→ PROBLEM TO SOLVE: Each entry is to be given again word for word; images are dropped.

Start of SUPPLIED INFORMATION

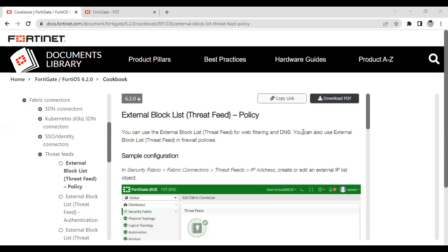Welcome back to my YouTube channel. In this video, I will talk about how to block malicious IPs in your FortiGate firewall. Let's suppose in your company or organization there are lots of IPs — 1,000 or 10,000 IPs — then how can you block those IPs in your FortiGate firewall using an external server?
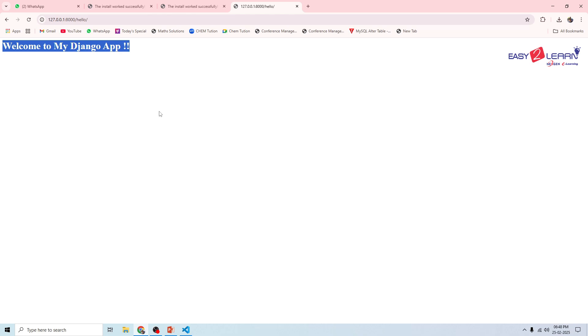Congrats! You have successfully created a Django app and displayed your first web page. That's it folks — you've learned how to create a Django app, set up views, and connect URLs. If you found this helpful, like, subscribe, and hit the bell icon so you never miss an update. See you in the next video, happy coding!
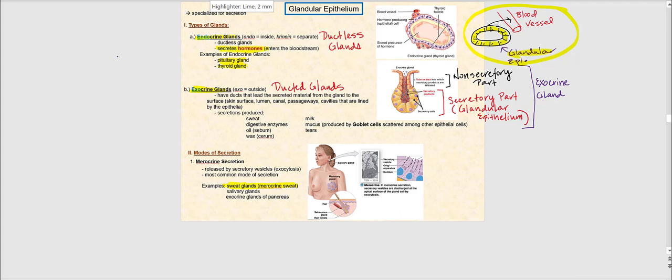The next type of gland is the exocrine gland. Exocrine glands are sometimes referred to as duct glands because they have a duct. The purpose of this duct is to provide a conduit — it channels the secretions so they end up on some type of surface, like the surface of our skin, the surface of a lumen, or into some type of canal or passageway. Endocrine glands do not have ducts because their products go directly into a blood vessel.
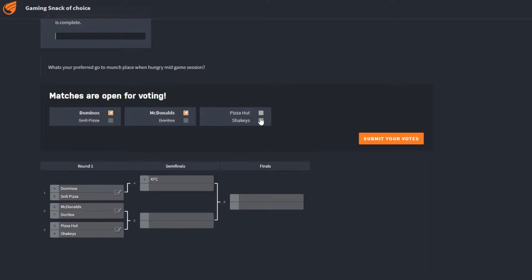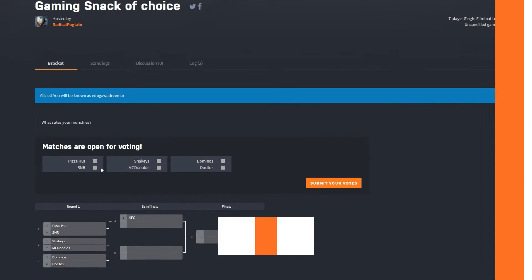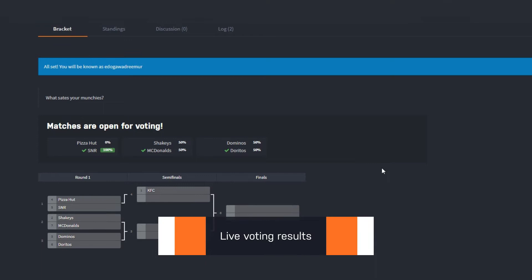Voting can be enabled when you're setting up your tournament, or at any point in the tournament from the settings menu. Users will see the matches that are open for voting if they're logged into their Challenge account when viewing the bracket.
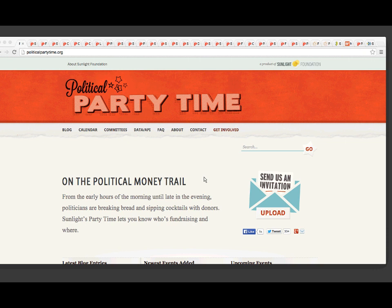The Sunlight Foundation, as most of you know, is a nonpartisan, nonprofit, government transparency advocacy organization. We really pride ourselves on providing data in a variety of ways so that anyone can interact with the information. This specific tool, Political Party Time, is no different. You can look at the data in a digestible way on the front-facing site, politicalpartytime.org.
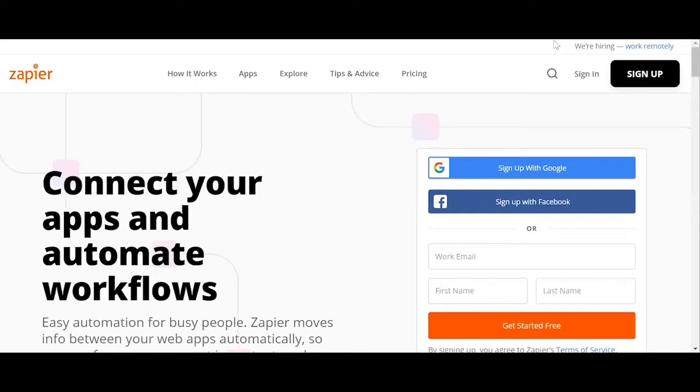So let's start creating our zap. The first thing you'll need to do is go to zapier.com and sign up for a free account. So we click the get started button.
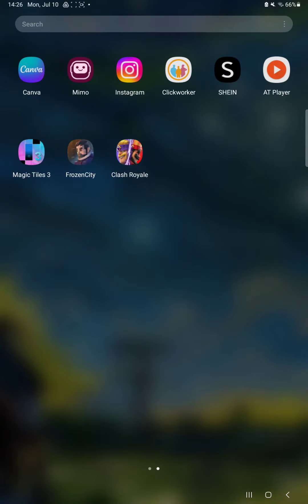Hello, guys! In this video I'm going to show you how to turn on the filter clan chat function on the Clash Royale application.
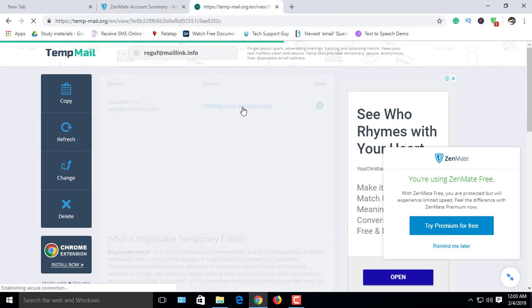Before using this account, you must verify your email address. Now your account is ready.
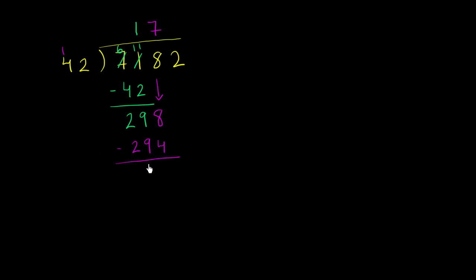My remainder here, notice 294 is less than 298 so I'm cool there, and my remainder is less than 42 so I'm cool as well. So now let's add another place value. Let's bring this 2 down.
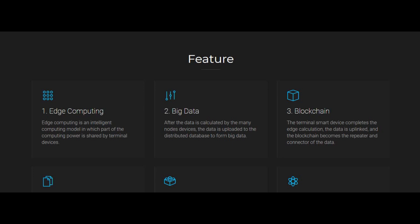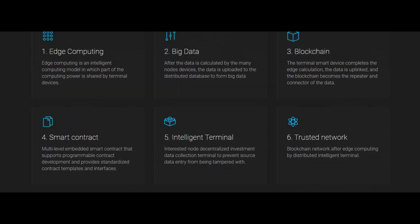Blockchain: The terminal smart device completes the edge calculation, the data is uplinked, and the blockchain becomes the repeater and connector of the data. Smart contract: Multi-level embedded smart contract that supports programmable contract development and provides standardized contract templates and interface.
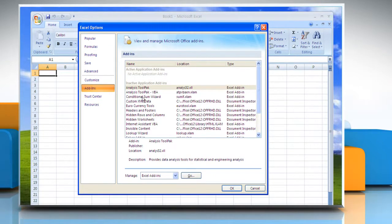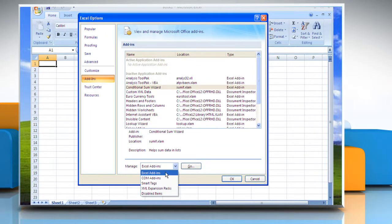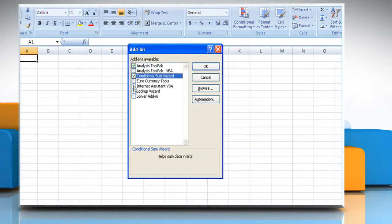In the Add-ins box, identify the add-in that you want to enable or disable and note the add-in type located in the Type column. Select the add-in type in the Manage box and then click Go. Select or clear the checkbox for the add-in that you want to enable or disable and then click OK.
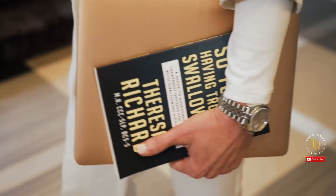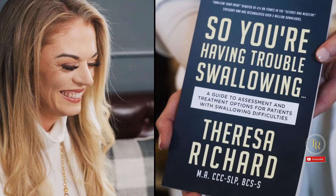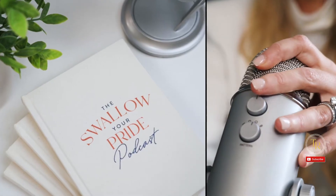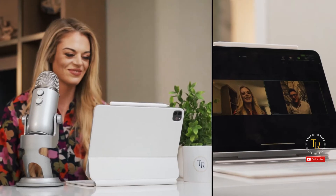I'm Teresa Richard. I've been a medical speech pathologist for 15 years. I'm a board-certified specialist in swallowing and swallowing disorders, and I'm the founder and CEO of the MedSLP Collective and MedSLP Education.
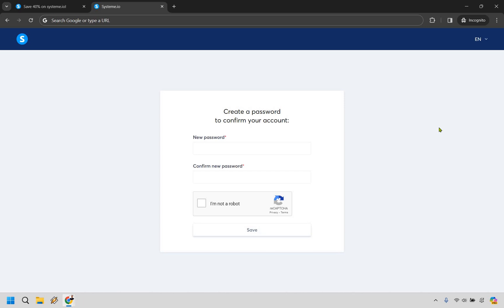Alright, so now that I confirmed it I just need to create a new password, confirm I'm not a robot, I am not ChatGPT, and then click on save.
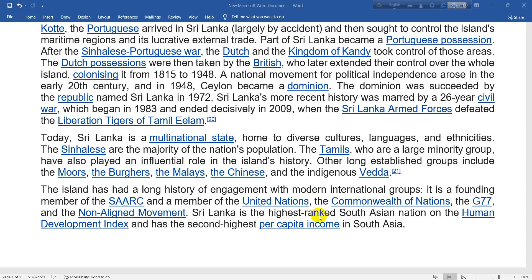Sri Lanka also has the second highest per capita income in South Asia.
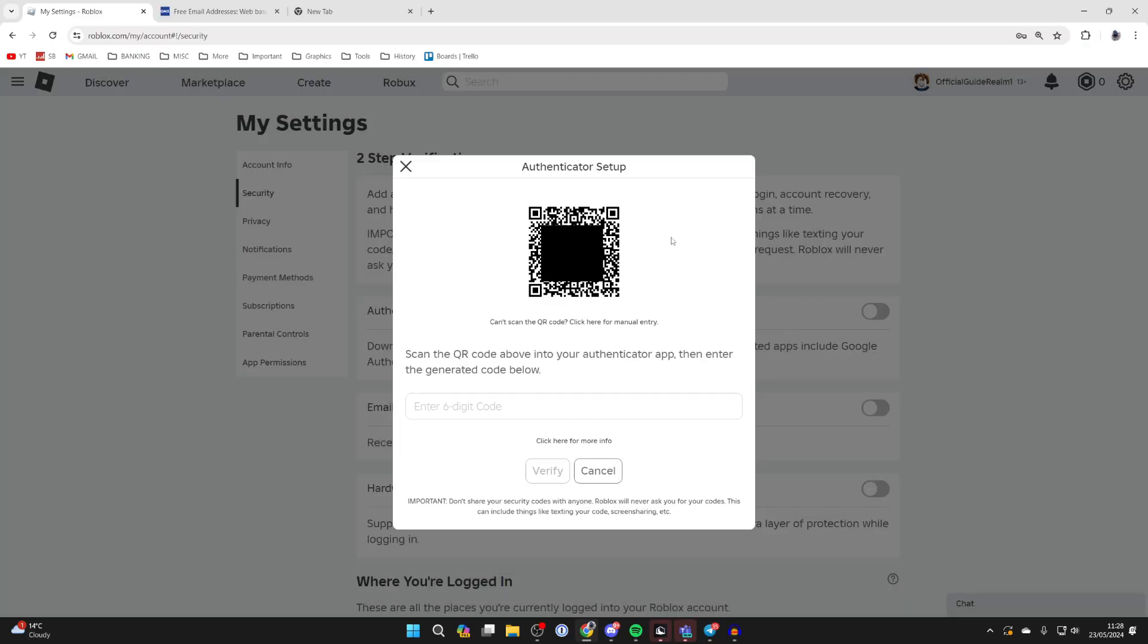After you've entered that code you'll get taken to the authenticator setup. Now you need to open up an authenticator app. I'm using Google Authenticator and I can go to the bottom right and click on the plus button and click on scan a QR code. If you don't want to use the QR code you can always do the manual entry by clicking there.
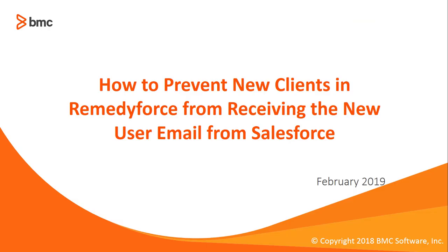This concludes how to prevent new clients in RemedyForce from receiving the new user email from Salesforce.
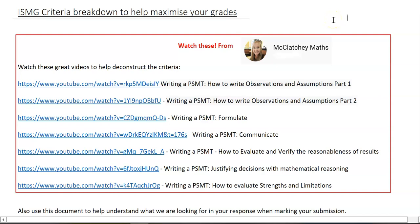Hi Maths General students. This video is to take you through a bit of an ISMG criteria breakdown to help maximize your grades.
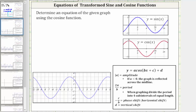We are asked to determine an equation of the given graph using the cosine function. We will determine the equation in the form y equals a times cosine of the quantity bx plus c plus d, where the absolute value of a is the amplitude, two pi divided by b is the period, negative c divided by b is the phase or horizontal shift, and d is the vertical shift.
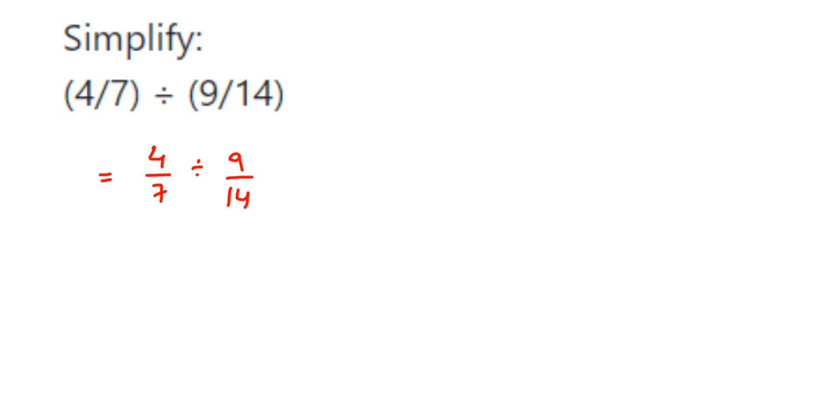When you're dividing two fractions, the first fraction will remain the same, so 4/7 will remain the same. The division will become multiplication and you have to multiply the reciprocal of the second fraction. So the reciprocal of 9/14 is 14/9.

End of SUPPLIED INFORMATION

→ SOLVED EXERCISE:
Welcome back to my YouTube channel. In this video, I will talk about how to block malicious IPs in your FortiGate firewall. Let's suppose in your company or organization there are lots of IPs — 1,000 or 10,000 IPs — then how can you block those IPs in your FortiGate firewall using an external server?
Congrats! You have successfully created a Django app and displayed your first web page. That's it folks — you've learned how to create a Django app, set up views, and connect URLs. If you found this helpful, like, subscribe, and hit the bell icon so you never miss an update. See you in the next video, happy coding!
The next type of gland is the exocrine gland. Exocrine glands are sometimes referred to as duct glands because they have a duct. The purpose of this duct is to provide a conduit — it channels the secretions so they end up on some type of surface, like the surface of our skin, the surface of a lumen, or into some type of canal or passageway. Endocrine glands do not have ducts because their products go directly into a blood vessel.
Voting can be enabled when you're setting up your tournament, or at any point in the tournament from the settings menu. Users will see the matches that are open for voting if they're logged into their Challenge account when viewing the bracket.
The Sunlight Foundation, as most of you know, is a nonpartisan, nonprofit, government transparency advocacy organization. We really pride ourselves on providing data in a variety of ways so that anyone can interact with the information. This specific tool, Political Party Time, is no different. You can look at the data in a digestible way on the front-facing site, politicalpartytime.org.
So let's start creating our zap. The first thing you'll need to do is go to zapier.com and sign up for a free account. So we click the get started button.
Hello, guys! In this video I'm going to show you how to turn on the filter clan chat function on the Clash Royale application.
Before using this account, you must verify your email address. Now your account is ready.
My remainder here, notice 294 is less than 298 so I'm cool there, and my remainder is less than 42 so I'm cool as well. So now let's add another place value. Let's bring this 2 down.
Blockchain: The terminal smart device completes the edge calculation, the data is uplinked, and the blockchain becomes the repeater and connector of the data. Smart contract: Multi-level embedded smart contract that supports programmable contract development and provides standardized contract templates and interface.
In the Add-ins box, identify the add-in that you want to enable or disable and note the add-in type located in the Type column. Select the add-in type in the Manage box and then click Go. Select or clear the checkbox for the add-in that you want to enable or disable and then click OK.
I'm Teresa Richard. I've been a medical speech pathologist for 15 years. I'm a board-certified specialist in swallowing and swallowing disorders, and I'm the founder and CEO of the MedSLP Collective and MedSLP Education.
Alright, so now that I confirmed it I just need to create a new password, confirm I'm not a robot, I am not ChatGPT, and then click on save.
Sri Lanka also has the second highest per capita income in South Asia.
After you've entered that code you'll get taken to the authenticator setup. Now you need to open up an authenticator app. I'm using Google Authenticator and I can go to the bottom right and click on the plus button and click on scan a QR code. If you don't want to use the QR code you can always do the manual entry by clicking there.
This concludes how to prevent new clients in RemedyForce from receiving the new user email from Salesforce.
Hi Maths General students. This video is to take you through a bit of an ISMG criteria breakdown to help maximize your grades.
We are asked to determine an equation of the given graph using the cosine function. We will determine the equation in the form y equals a times cosine of the quantity bx plus c plus d, where the absolute value of a is the amplitude, two pi divided by b is the period, negative c divided by b is the phase or horizontal shift, and d is the vertical shift.
When you're dividing two fractions, the first fraction will remain the same, so 4/7 will remain the same. The division will become multiplication and you have to multiply the reciprocal of the second fraction. So the reciprocal of 9/14 is 14/9.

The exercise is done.